Figure 2. Lying and reversal motor capacities (item A) observed with the GMFM test. (p = 0.005).
Figure 3. Locomotor performances reported via the Abiloco-kids global score. (p = 0.006).
4. Conclusions
The proposed dynamic cycling activity did not have a significant influence on the motor function of the participants. Contrarily, a significant improvement of their locomotor performance in everyday life was demonstrated at the end of the intervention. The activity also proved to be very popular with children.

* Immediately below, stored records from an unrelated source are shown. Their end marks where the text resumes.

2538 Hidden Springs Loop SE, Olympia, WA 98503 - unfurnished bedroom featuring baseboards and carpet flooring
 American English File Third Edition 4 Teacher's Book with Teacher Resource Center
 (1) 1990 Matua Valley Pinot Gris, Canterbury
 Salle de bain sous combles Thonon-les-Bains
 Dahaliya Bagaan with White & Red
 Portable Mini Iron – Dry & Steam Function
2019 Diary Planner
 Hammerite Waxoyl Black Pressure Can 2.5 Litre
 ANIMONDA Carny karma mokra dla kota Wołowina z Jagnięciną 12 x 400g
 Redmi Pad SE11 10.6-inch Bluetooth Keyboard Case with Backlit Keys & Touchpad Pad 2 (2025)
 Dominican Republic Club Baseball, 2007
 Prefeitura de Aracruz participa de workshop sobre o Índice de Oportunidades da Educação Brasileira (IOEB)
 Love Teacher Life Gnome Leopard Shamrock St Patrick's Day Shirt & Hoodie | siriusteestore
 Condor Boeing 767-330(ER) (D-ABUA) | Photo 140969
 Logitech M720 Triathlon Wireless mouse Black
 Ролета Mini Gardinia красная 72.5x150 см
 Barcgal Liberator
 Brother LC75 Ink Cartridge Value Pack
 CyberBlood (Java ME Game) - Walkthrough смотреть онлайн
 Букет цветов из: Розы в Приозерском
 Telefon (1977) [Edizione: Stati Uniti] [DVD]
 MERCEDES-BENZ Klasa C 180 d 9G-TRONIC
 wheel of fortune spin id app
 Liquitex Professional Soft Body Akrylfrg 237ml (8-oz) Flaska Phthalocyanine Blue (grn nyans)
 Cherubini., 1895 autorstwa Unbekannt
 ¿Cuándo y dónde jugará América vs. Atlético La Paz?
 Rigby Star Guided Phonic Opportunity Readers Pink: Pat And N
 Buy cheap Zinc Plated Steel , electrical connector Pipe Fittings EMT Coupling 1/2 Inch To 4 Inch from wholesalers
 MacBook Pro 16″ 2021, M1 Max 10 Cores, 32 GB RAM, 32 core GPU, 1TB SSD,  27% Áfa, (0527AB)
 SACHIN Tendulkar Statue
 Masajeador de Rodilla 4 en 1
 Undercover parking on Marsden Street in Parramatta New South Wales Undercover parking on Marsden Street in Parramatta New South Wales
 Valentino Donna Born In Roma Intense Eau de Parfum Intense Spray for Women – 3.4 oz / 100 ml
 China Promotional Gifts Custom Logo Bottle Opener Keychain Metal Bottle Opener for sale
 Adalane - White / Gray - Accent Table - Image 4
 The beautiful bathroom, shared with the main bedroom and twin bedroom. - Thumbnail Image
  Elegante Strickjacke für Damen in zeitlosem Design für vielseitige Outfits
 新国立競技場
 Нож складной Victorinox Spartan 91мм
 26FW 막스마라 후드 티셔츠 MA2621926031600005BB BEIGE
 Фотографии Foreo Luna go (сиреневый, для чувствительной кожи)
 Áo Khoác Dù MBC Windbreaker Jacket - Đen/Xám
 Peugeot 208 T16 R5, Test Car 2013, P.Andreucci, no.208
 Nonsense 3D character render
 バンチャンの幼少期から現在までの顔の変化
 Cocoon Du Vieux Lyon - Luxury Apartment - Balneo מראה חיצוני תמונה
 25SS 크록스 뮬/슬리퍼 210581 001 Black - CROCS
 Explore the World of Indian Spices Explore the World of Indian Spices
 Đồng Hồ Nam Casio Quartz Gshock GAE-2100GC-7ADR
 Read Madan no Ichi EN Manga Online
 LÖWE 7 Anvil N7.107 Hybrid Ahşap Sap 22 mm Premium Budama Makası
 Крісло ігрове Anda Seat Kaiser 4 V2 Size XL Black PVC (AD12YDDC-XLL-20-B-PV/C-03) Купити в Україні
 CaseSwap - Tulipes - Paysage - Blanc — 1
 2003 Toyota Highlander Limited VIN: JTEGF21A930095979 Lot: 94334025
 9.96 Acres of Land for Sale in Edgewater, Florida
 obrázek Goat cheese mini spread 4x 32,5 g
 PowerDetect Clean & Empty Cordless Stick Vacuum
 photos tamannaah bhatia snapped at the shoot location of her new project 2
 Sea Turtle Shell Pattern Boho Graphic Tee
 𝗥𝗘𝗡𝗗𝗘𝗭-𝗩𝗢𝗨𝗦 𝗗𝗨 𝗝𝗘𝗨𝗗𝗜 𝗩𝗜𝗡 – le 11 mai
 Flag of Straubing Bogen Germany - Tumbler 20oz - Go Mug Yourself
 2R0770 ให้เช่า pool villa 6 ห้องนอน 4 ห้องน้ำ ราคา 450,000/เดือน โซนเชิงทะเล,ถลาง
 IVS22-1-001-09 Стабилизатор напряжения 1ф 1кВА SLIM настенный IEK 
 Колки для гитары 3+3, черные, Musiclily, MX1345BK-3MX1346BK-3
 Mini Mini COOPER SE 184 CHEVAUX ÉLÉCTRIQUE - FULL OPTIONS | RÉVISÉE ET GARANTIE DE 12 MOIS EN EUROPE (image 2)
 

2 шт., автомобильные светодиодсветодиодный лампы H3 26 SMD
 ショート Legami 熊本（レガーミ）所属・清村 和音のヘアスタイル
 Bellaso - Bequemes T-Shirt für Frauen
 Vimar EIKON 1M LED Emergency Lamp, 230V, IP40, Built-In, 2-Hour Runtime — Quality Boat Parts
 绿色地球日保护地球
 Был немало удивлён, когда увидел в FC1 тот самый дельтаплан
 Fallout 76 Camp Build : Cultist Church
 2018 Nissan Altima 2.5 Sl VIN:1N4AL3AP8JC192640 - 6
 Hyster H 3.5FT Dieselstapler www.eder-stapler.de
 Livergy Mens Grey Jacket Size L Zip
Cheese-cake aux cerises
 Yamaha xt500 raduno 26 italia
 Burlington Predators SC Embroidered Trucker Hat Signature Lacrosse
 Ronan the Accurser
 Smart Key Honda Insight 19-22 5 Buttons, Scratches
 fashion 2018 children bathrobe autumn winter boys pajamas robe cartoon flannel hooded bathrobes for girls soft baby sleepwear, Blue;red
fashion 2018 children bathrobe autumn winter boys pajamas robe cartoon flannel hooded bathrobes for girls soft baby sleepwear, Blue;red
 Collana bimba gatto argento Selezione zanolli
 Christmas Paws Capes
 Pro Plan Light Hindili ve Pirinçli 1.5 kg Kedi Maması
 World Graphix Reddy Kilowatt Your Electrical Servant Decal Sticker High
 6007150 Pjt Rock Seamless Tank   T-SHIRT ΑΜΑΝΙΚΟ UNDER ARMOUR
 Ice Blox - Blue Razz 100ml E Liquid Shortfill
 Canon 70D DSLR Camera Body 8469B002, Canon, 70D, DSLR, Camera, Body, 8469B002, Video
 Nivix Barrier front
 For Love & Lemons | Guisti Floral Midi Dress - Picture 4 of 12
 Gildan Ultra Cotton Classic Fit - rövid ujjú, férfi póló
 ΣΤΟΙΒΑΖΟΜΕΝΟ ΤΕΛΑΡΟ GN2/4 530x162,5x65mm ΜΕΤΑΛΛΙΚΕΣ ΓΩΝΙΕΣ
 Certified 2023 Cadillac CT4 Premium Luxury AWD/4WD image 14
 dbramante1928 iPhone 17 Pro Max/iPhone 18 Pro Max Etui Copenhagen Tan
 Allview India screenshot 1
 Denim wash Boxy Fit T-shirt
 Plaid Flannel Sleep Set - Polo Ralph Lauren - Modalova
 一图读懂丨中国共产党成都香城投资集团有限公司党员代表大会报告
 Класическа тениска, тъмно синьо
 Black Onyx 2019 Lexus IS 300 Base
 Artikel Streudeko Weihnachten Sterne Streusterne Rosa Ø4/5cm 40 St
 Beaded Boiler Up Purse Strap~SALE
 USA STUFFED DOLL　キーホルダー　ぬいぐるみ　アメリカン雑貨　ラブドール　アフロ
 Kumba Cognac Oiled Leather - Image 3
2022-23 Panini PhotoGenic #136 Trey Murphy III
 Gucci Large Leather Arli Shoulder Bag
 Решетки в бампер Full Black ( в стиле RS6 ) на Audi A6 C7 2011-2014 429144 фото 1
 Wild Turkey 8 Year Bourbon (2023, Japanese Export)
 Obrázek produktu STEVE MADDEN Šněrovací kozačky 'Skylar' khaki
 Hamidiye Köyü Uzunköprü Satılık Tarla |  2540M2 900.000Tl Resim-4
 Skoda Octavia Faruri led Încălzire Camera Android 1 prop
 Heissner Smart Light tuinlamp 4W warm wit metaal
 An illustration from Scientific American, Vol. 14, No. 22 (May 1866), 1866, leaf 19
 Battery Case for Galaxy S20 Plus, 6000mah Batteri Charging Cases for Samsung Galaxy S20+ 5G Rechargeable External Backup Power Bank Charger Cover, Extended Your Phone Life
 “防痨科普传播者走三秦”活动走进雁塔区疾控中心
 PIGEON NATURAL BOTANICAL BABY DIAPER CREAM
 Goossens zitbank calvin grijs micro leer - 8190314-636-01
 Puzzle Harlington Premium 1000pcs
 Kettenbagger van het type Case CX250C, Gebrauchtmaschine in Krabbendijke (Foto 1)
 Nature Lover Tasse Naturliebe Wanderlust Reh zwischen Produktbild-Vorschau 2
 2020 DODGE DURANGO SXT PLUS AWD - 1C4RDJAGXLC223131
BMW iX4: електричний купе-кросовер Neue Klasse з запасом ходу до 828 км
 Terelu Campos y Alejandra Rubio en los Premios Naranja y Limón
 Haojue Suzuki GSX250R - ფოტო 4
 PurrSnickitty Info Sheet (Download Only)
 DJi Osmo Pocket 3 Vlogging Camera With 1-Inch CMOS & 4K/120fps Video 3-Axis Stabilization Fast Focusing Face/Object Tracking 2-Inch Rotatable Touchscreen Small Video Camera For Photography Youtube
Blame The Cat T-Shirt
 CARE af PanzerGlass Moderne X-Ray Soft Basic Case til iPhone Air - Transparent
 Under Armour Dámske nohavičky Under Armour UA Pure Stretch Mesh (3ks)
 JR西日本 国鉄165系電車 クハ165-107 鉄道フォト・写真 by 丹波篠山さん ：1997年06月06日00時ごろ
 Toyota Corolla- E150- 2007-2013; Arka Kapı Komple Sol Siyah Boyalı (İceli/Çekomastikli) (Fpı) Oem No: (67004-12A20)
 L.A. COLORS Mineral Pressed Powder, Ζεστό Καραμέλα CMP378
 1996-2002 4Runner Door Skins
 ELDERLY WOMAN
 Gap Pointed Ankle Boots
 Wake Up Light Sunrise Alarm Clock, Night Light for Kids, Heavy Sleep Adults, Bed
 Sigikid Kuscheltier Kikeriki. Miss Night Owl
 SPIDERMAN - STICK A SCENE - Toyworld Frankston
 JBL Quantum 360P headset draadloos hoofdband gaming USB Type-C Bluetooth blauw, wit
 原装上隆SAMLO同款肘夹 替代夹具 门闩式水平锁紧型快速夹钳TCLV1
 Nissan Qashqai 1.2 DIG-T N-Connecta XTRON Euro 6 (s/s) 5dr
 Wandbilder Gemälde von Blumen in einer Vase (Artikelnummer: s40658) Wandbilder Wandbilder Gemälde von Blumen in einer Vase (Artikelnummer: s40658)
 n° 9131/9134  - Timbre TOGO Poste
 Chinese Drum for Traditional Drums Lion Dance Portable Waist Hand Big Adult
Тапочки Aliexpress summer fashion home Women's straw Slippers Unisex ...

The adapted dynamic bicycle is therefore a possible and attractive physical activity for children with CP of different motor levels, but further studies are needed to clarify the effects of this physical activity on their motor skills.
References
- Damiano D. 2006. Activity, activity, activity: rethinking our physical therapy approach to cerebral palsy. Phys Ther. 86(11):1534–1540.
- Fowler E G, for the Physical Therapy Clinical Research Network (PTClinResNet), Knutson LM, DeMuth SK, Siebert KL, Simms VD, Sugi MH, Souza RB, Karim R, Azen SP. 2010. Pediatric endurance and limb strengthening (PEDALS) for children with cerebral palsy using stationary cycling: a randomized controlled trial. Phys Ther. 90(3):367–381.
- Novak I, Mcintyre S, Morgan C, Campbell L, Dark L, Morton N, Goldsmith S. 2013. A systematic review of interventions for children with cerebral palsy: state of the evidence. Dev Med Child Neurol. 55(10):885–910.
- Verschuren O, Ketelaar M, Gorter JW, Helders PJM, Uiterwaal CSPM, Takken T. 2007. Exercise training program in children and adolescents with cerebral palsy: a randomized controlled trial. Arch Pediatr Adolesc Med. 161(11):1075–1081.
- Williams H, Pountney T. 2007. Effects of a static bicycling programme on the functional ability of young people with cerebral palsy who are non-ambulant. Dev Med Child Neurol. 49(7):522–527.